Lowe v William Davis Limited [2018] UKUT 206 (TCC) completes a hat-trick of decisions confirming that the FTT can determine an underlying boundary dispute. Furthermore, Morgan J ruled that the FTT can do so even if the determined boundary application is dismissed for non-compliance with the Land Registry’s requirements for accurate plans.
The company had applied for the determination of the exact line of the boundary between its own land and land belonging to Mr & Mrs Lowe, who contested the application. The FTT agreed that the boundary was located in the position identified by the company. But it directed the Land Registry to cancel the application because, during the course of the hearing, it emerged that the plan accompanying the application was defective.
Mr & Mrs Lowe appealed against the FTT’s findings as to the location of the boundary.
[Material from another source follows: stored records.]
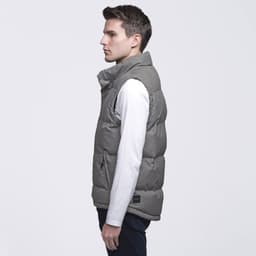 A grey puffer vest displayed on a male model, featuring a high collar and a logo tag.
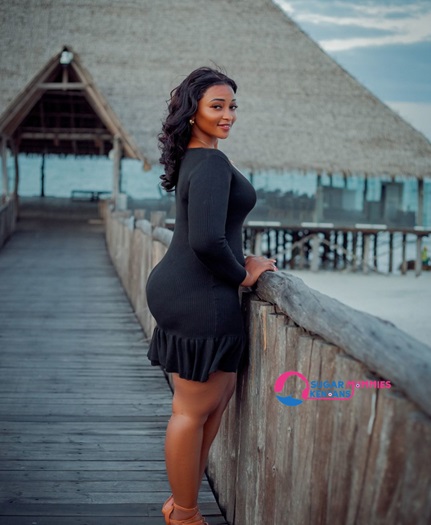 Happy 34-year-old Sugar Mummy Christine from Kileleshwa, Nairobi, seeking a genuine young partner for companionship and adventure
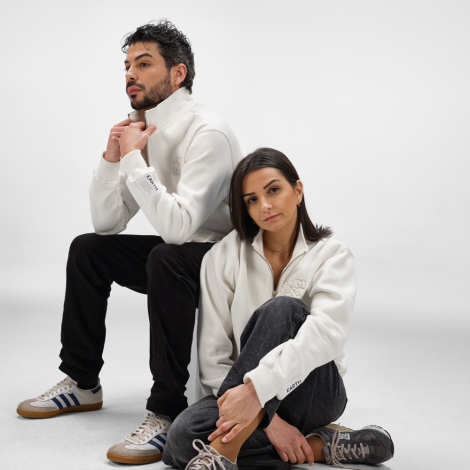 Sweats à col montant avec demi-zip portés par un homme et une femme, avec des marquages visibles sur la poitrine et sur le bas d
They argued that the discovery that the plan was inaccurate put paid to the FTT’s jurisdiction. Therefore, it should not have decided where the boundary lay.
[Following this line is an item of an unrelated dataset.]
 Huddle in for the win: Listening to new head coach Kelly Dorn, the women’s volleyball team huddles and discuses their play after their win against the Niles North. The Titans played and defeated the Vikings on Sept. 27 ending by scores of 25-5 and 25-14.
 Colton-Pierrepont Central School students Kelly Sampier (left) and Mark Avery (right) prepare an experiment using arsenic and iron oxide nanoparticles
Morgan J accepted that the FTT does not have an inherent jurisdiction, but ruled that it does have jurisdiction to determine the issue referred to it and that the procedure for the determination of the exact line of a boundary is available where a boundary is disputed. The FTT may take the view that the dispute would be better litigated in the courts, but it is not obliged to do so in every case.
Furthermore, although the right order to make in response to an application will normally be a direction either to give effect to or to cancel it, that does not limit the FTT’s jurisdiction to make findings and decisions. Morgan J was not persuaded by Murdoch. Bean v Katz was altogether more persuasive and the FTT did have jurisdiction to make the decision made in this case.